From bbb9e824252f16c98bb2aa26da6b6d4032507bfa Mon Sep 17 00:00:00 2001
From: leetcrypt <leetcrypt@users.noreply.github.com>
Date: Tue, 2 Jun 2026 17:43:02 -0700
Subject: [PATCH] docs: plan for AI agent context + local-perf improvements

Roadmap for deepening the /ai agent's conversational context while keeping
the RAM-only philosophy, plus Ollama latency wins. Marks Tier 1 (backfill,
token-budget window) and the perf tuning as in-scope now; RAG and in-RAM
compaction staged next. Grounded in public Anthropic docs, not leaked source.

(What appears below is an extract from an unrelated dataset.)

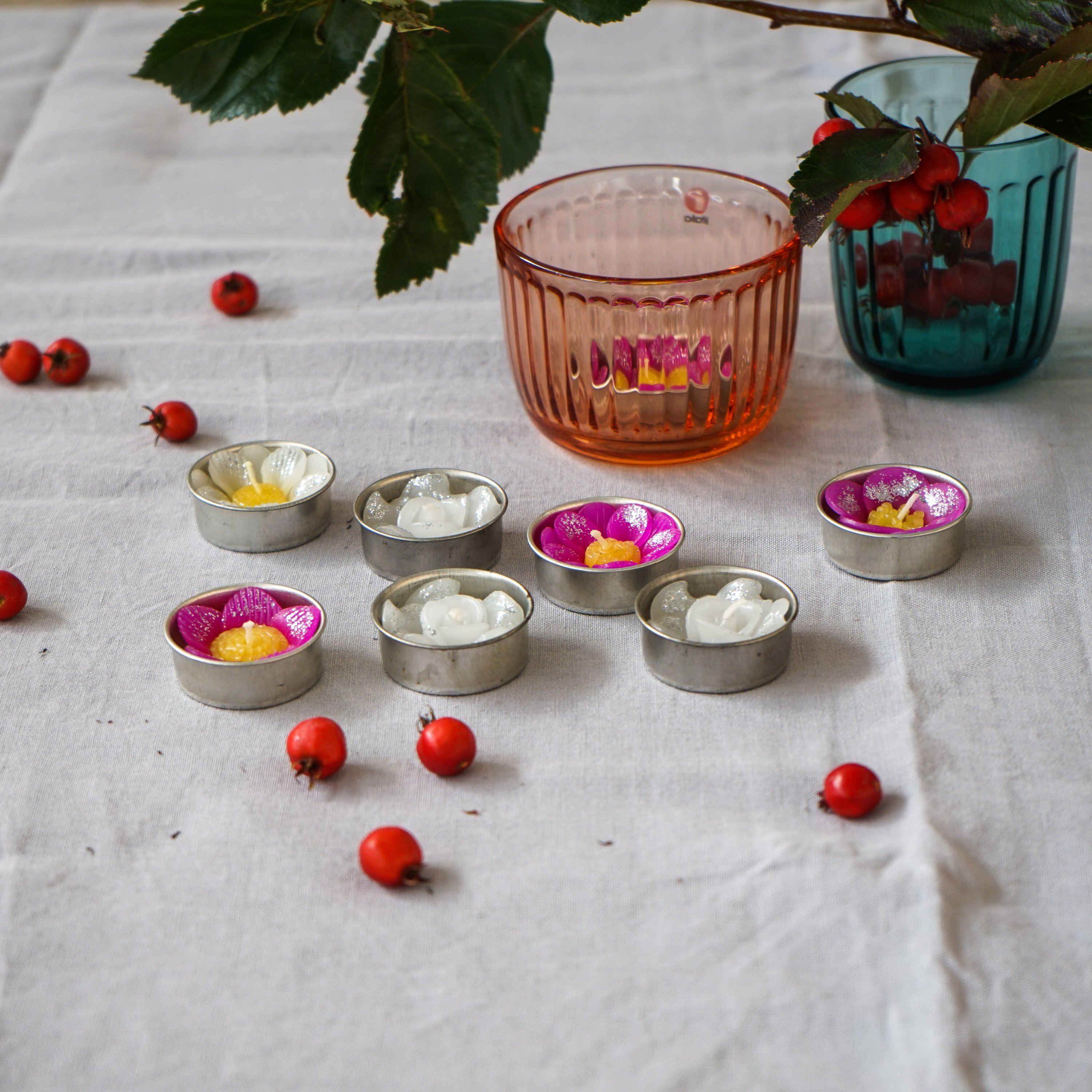 A collection of assorted glitter flower scented tealights in white, pink, and yellow, beautifully arranged in a botanic garden printed box.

Co-Authored-By: Claude Opus 4.6 <noreply@anthropic.com>
---
 docs/ai-context-plan.md | 66 +++++++++++++++++++++++++++++++++++++++++
 1 file changed, 66 insertions(+)
 create mode 100644 docs/ai-context-plan.md

diff --git a/docs/ai-context-plan.md b/docs/ai-context-plan.md
new file mode 100644
index 0000000..8a5b3f2
--- /dev/null
+++ b/docs/ai-context-plan.md
@@ -0,0 +1,66 @@
+# AI agent: context & local-performance plan
+
+How the `/ai` agent gets conversational context, how to deepen it **without
+breaking the RAM-only philosophy**, and how to make the local (Ollama) path
+faster. Everything here stays in process memory — no disk persistence of
+conversation data, no embeddings on disk. Context dies with the agent process,
+exactly like the room itself.
+
+## Current state (baseline)
+
+- `AgentBridge.transcript: list[Msg]` — one flat in-RAM list (`bridge.py`).

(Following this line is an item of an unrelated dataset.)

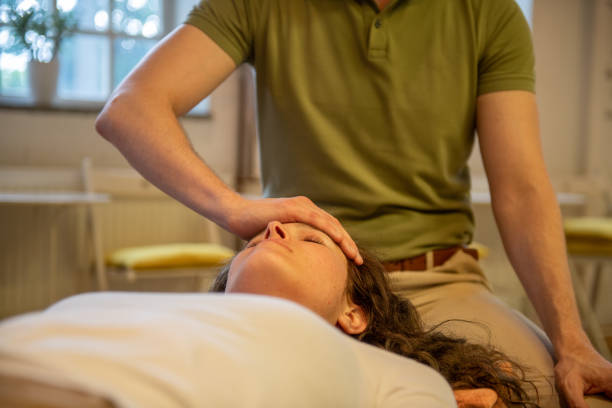 istock Man therapist practicing Somatic movement in his Health Studio, Awareness through movement, embodiment and Feldenkrais Method 1322677726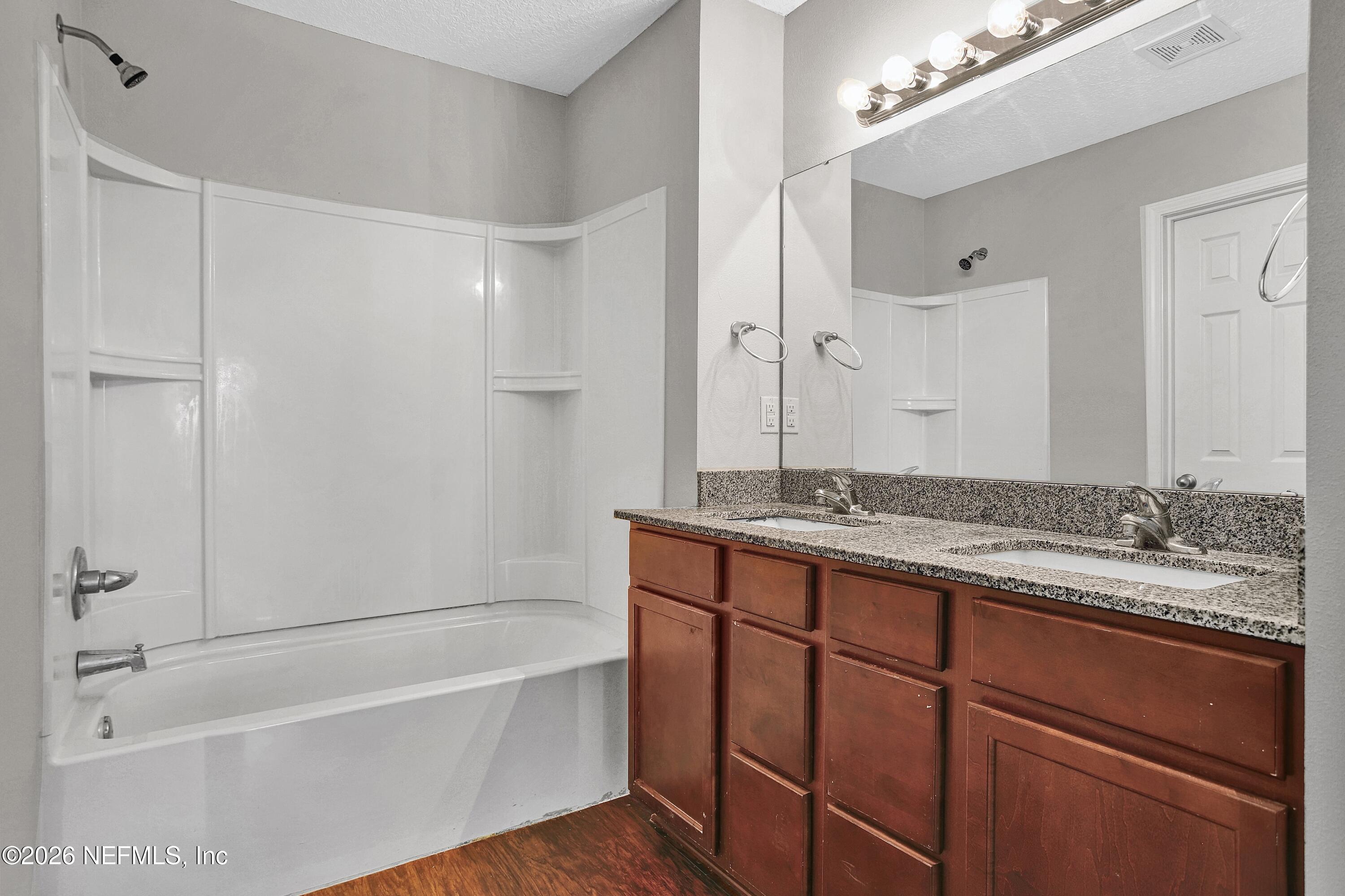 12271 Harts Road Jacksonville, FL 32218 - Photo 8 of 17 a bathroom with a granite countertop sink and a mirror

+- Passive capture: every non-addressed line is appended as `Msg("user", "sender: text")`, trimmed to `context_window * 2` (24) messages.

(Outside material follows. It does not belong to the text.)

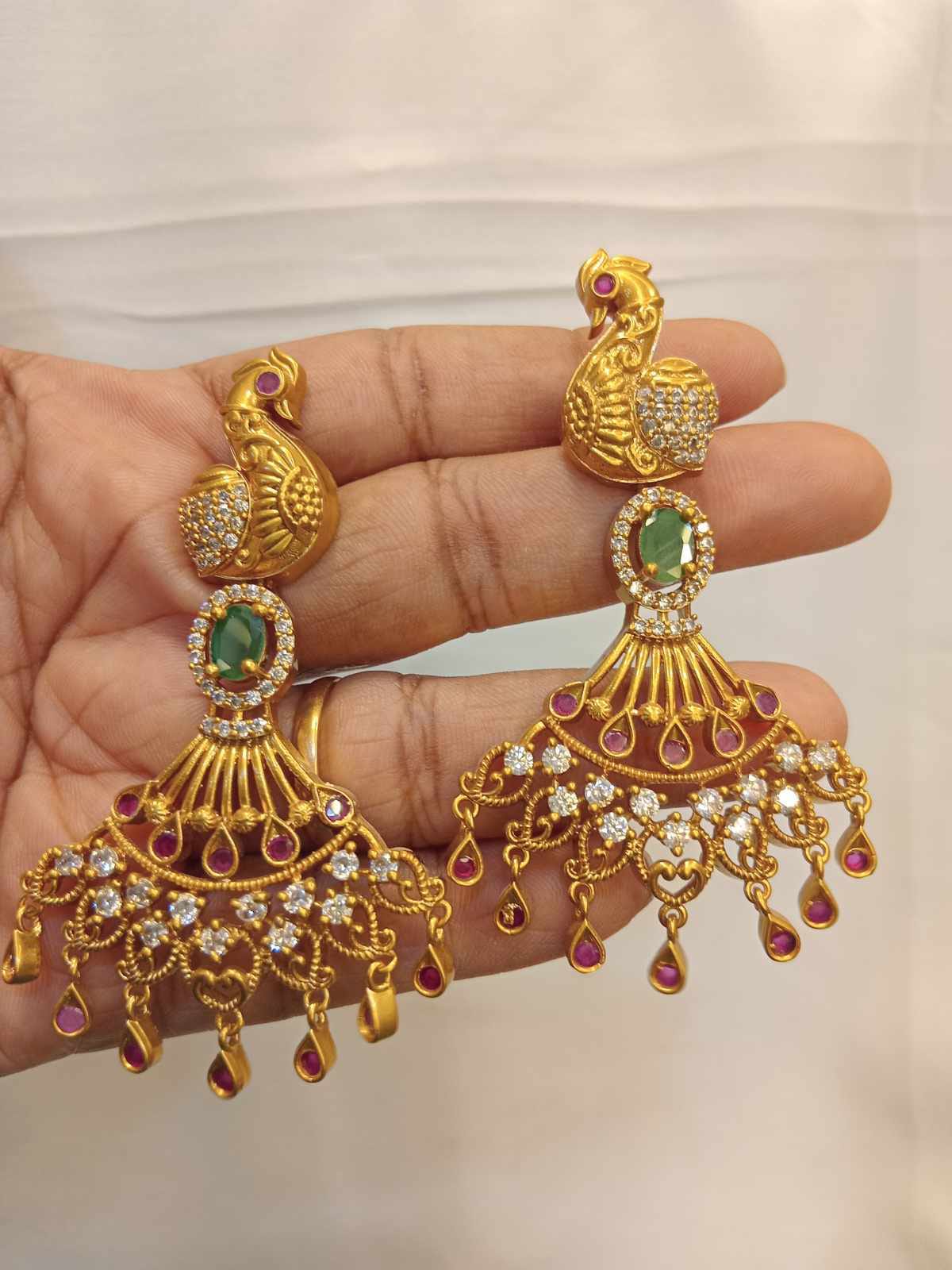 matt-finish-ad-stone-peacock-earrings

+- On `/ai`: sends `system_prompt + transcript[-context_window:]` (last 12).
+- Sandbox: same last-12 window + the task.
+- `OllamaProvider.complete` posts `stream=False`, no `options`, no `keep_alive`.
+
+### Limitations
+1. **Recency-only window** — no relevance; old context is dropped forever.
+2. **Join amnesia** — the agent only knows messages seen since connecting,
+   **even though the server already sends it the full backlog** and the bridge
+   throws it away (`init` handler reads only `users`).
+3. **Message-count budget, not token budget** — fragile on small models.
+4. **Flat, untyped transcript** — all senders flattened to role `user`.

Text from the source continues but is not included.